*** RECORD EXTRACTS Section Begins ***

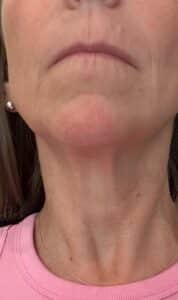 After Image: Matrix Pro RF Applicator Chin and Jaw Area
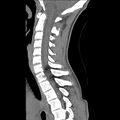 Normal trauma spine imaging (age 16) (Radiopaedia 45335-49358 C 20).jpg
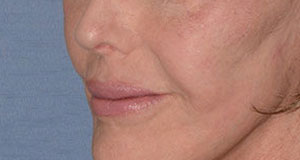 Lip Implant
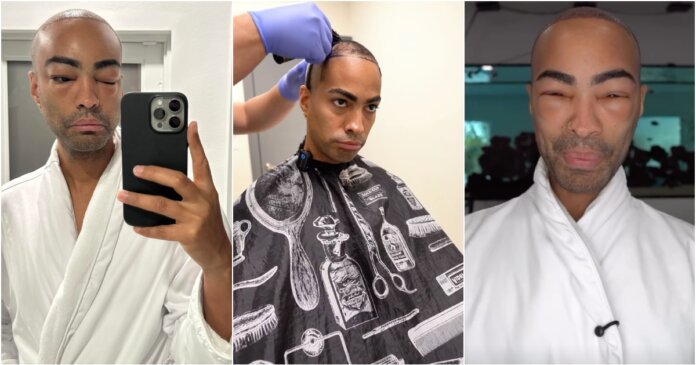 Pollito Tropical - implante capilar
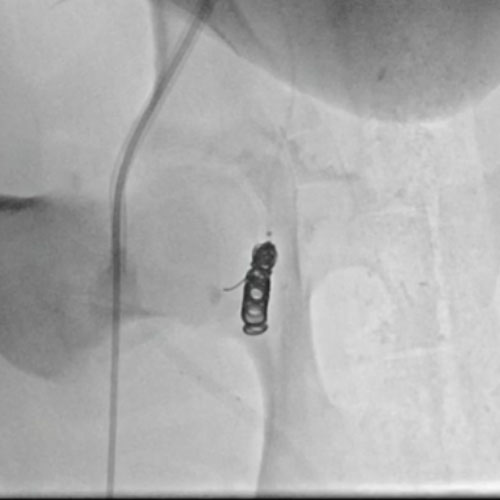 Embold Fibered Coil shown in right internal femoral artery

*** RECORD EXTRACTS Section Ends ***
*** RECORD EXTRACTS Section Begins ***

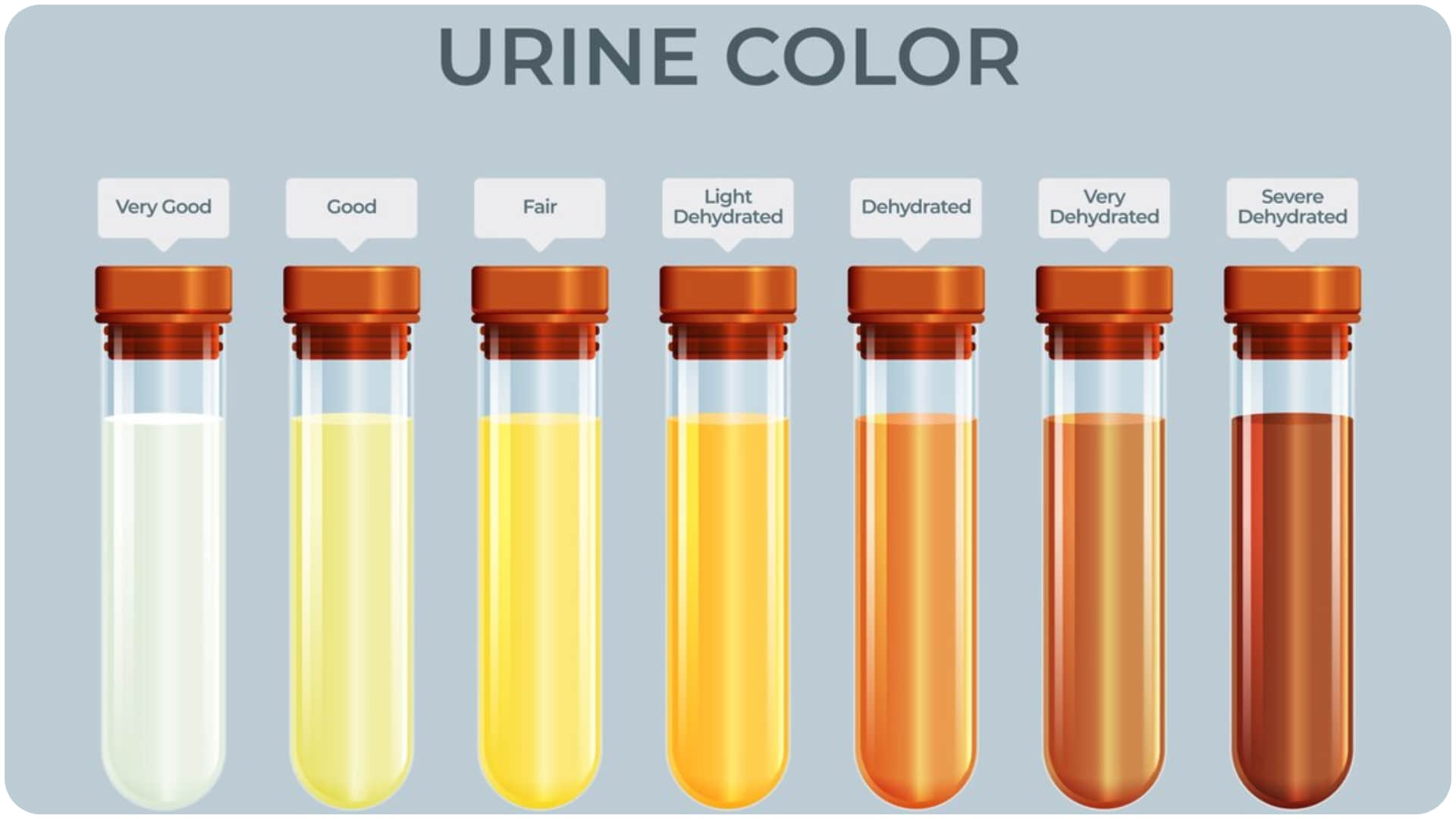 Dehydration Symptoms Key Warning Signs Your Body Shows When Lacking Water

*** RECORD EXTRACTS Section Ends ***

TASK PROMPT » Look back over the records above. Reproduce exactly everything from the line with "After Image: Matrix" down to the line with "Embold Fibered Coil", inclusive, and leave the pictures out.

RESPONSE TO THE EXERCISE »
 After Image: Matrix Pro RF Applicator Chin and Jaw Area
 Normal trauma spine imaging (age 16) (Radiopaedia 45335-49358 C 20).jpg
 Lip Implant
 Pollito Tropical - implante capilar
 Embold Fibered Coil shown in right internal femoral artery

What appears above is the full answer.